• **EXERCISE**: Reproduce the records that follow in full, excluding any picture they contain.
:: STORED DATA
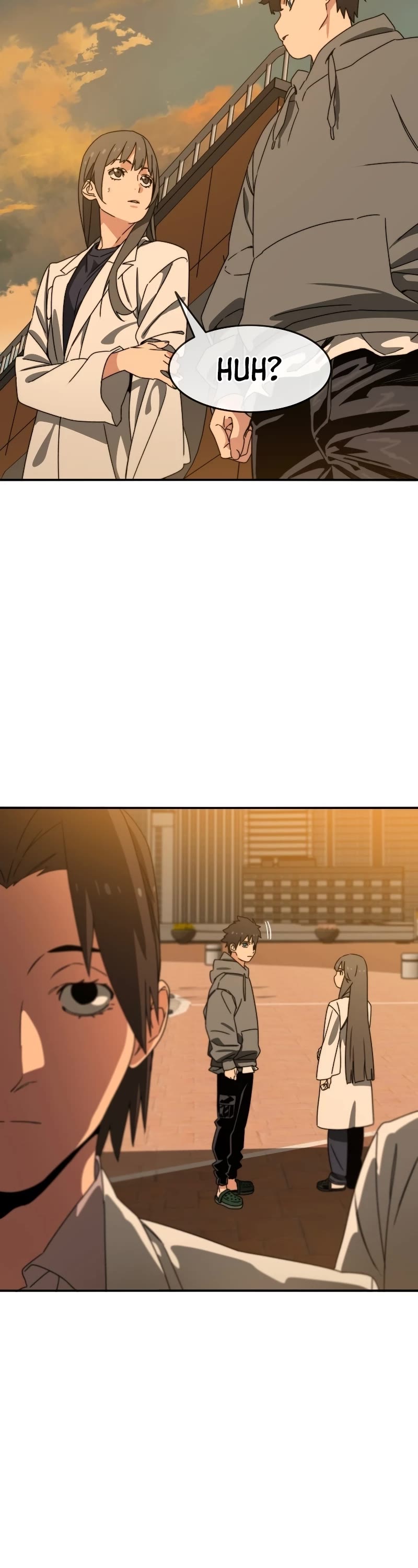 Existence Chap 18 - Next Chap 19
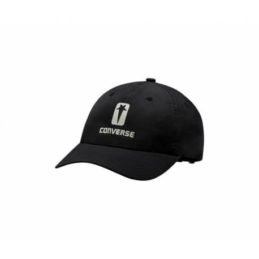 Casquette-converse-dad-cap-noir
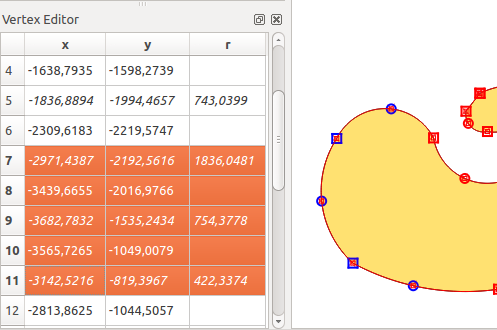 ../../../_images/vertex_editor_panel.png
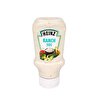 resm Heinz Ranch Sos 225 G
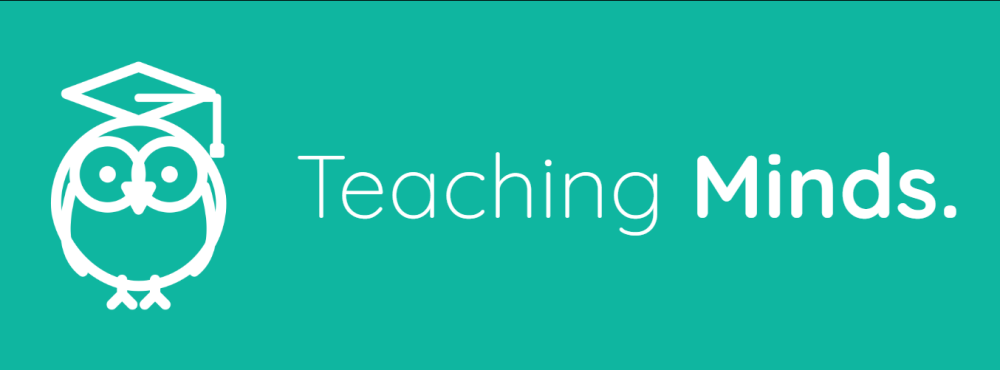 Teaching Minds BE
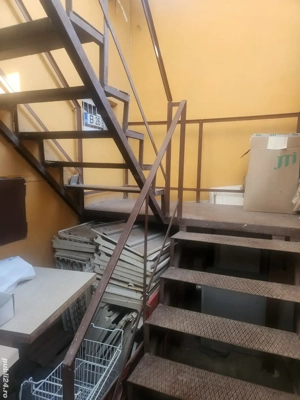 Inciriez spațiu comercial  - imagine 4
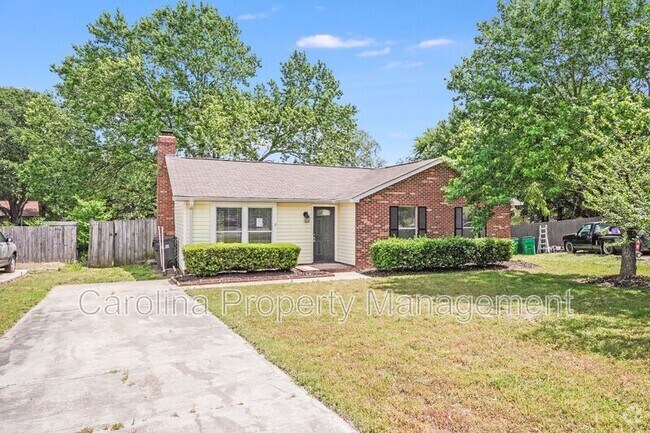 Building Photo - 8539 Glenway Ct Rental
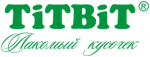 TiTBiT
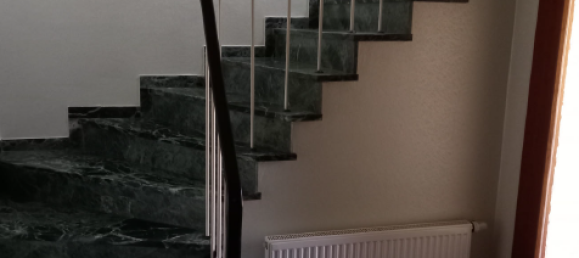 3 Schlafzimmer Stadthaus in Altötting, Germany, Nr. 339158 17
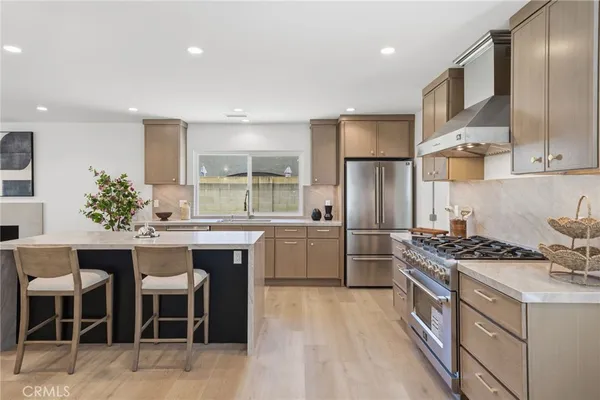 $1,425,000 | 1930 Whitman Drive, Placentia, CA 92870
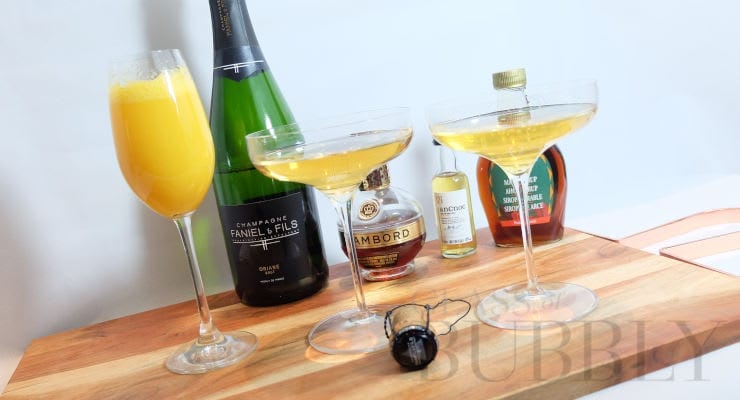 title_image_champ_cocktails_faniel title_image_champ_cocktails_faniel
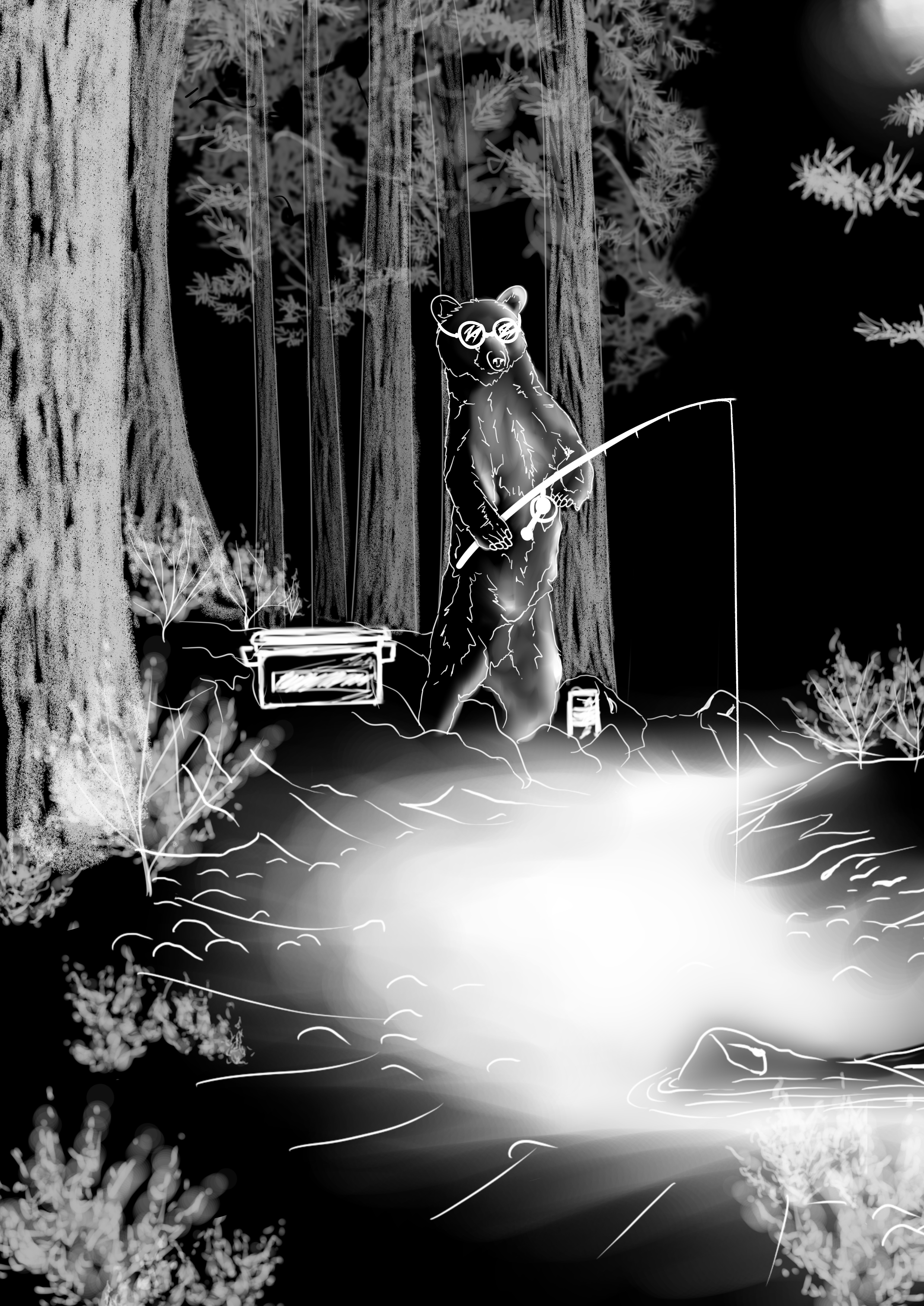 T-shirt Design by Monika.G for this project | Design #26391242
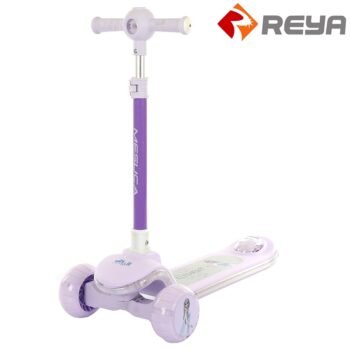 HX321   Kids’ Scooter
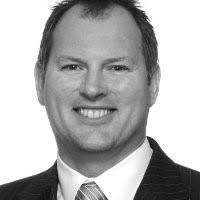 Tom Cantwell Email & Phone Number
::::
• **RESULT OF THIS TASK**:
 Existence Chap 18 - Next Chap 19
 Casquette-converse-dad-cap-noir
 ../../../_images/vertex_editor_panel.png
 resm Heinz Ranch Sos 225 G
 Teaching Minds BE
 Inciriez spațiu comercial  - imagine 4
 Building Photo - 8539 Glenway Ct Rental
 TiTBiT
 3 Schlafzimmer Stadthaus in Altötting, Germany, Nr. 339158 17
 $1,425,000 | 1930 Whitman Drive, Placentia, CA 92870
 title_image_champ_cocktails_faniel title_image_champ_cocktails_faniel
 T-shirt Design by Monika.G for this project | Design #26391242
 HX321   Kids’ Scooter
 Tom Cantwell Email & Phone Number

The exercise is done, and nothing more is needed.